In Rust, the rate limiter is middleware. It sits between the incoming HTTP request and your route handler. It extracts a key from the request (usually the IP address or an API key), checks a counter for that key, and decides whether to let the request pass. If the counter is over the limit, the middleware returns a 429 response immediately. Your handler never runs. No database query happens. No computation occurs.

There are two common algorithms. A fixed window resets the counter at strict intervals. A sliding window tracks individual request timestamps and slides the window forward as time passes. Sliding windows are smoother. They prevent a burst of requests right at the boundary of a fixed window from doubling the effective limit. Most modern crates use a sliding window or a token bucket approach.

The easy way: actix-web-rate-limit

The Actix ecosystem has a community-standard crate for this. actix-web-rate-limit handles the tracking, the windowing, and the response generation. It uses a DashMap internally for concurrent access, so it's safe to use across multiple threads.

Add the crate to your dependencies.

[dependencies]
actix-web = "4"
actix-web-rate-limit = "0.5"

Configure the limiter in your server setup. The API is builder-style, so you chain the options.

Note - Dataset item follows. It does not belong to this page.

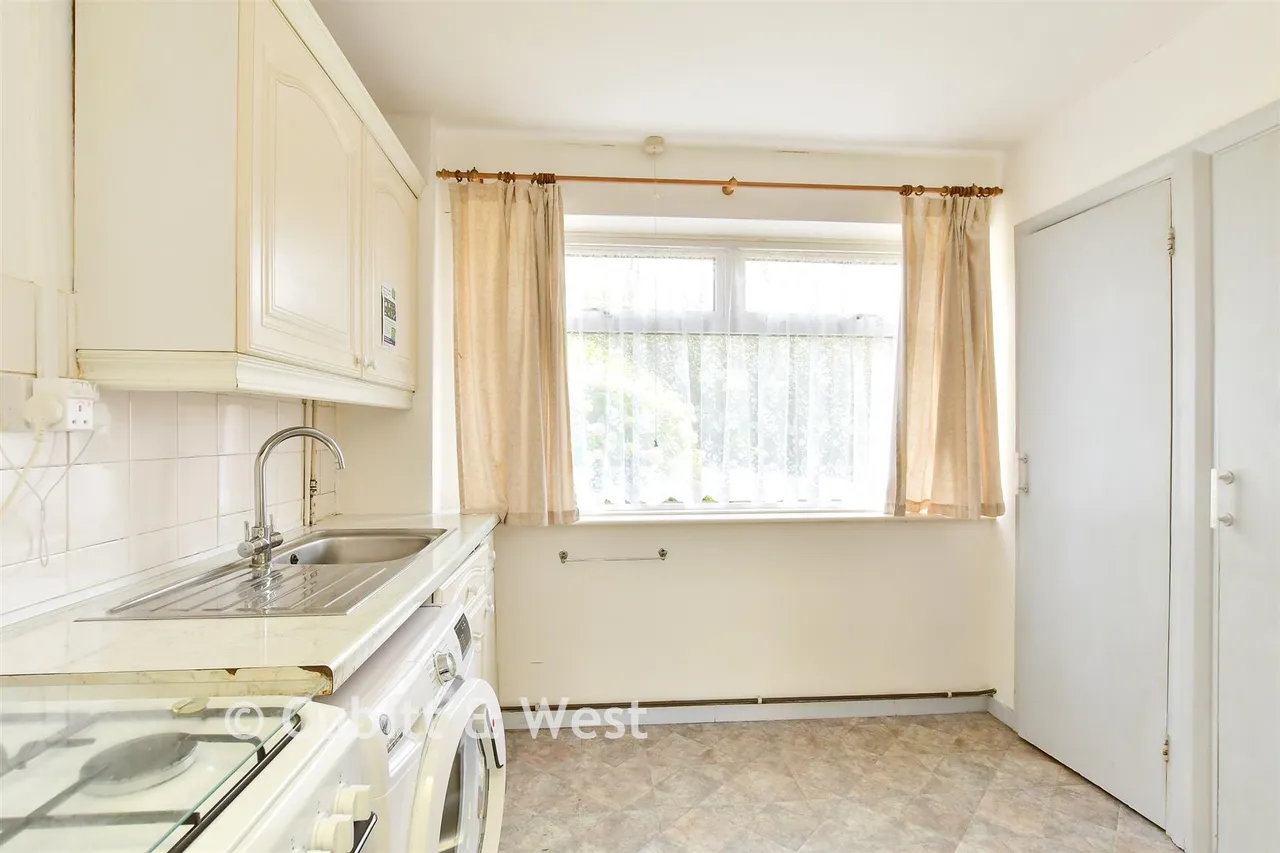 Cowley Drive, Woodingdean, BN2, photo 4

use actix_web::{web, App, HttpServer, HttpResponse};
use actix_web_rate_limit::RateLimit;

/// Handles the root route.
async fn index() -> HttpResponse {
    HttpResponse::Ok().body("Hello, world!")
}

#[actix_web::main]
async fn main() -> std::io::Result<()> {
    // Create the rate limiter configuration.
    // Limit is the max requests allowed within the window duration.
    let rate_limit = RateLimit::new()
        .limit(10) // Allow 10 requests
        .window(std::time::Duration::from_secs(60)); // Per 60 seconds

    HttpServer::new(move || {
        App::new()
            // Wrap the entire app with the middleware.
            // Every route inherits this limit unless overridden.
            .wrap(rate_limit)
            .route("/", web::get().to(index))
    })
    .bind("127.0.0.1:8080")?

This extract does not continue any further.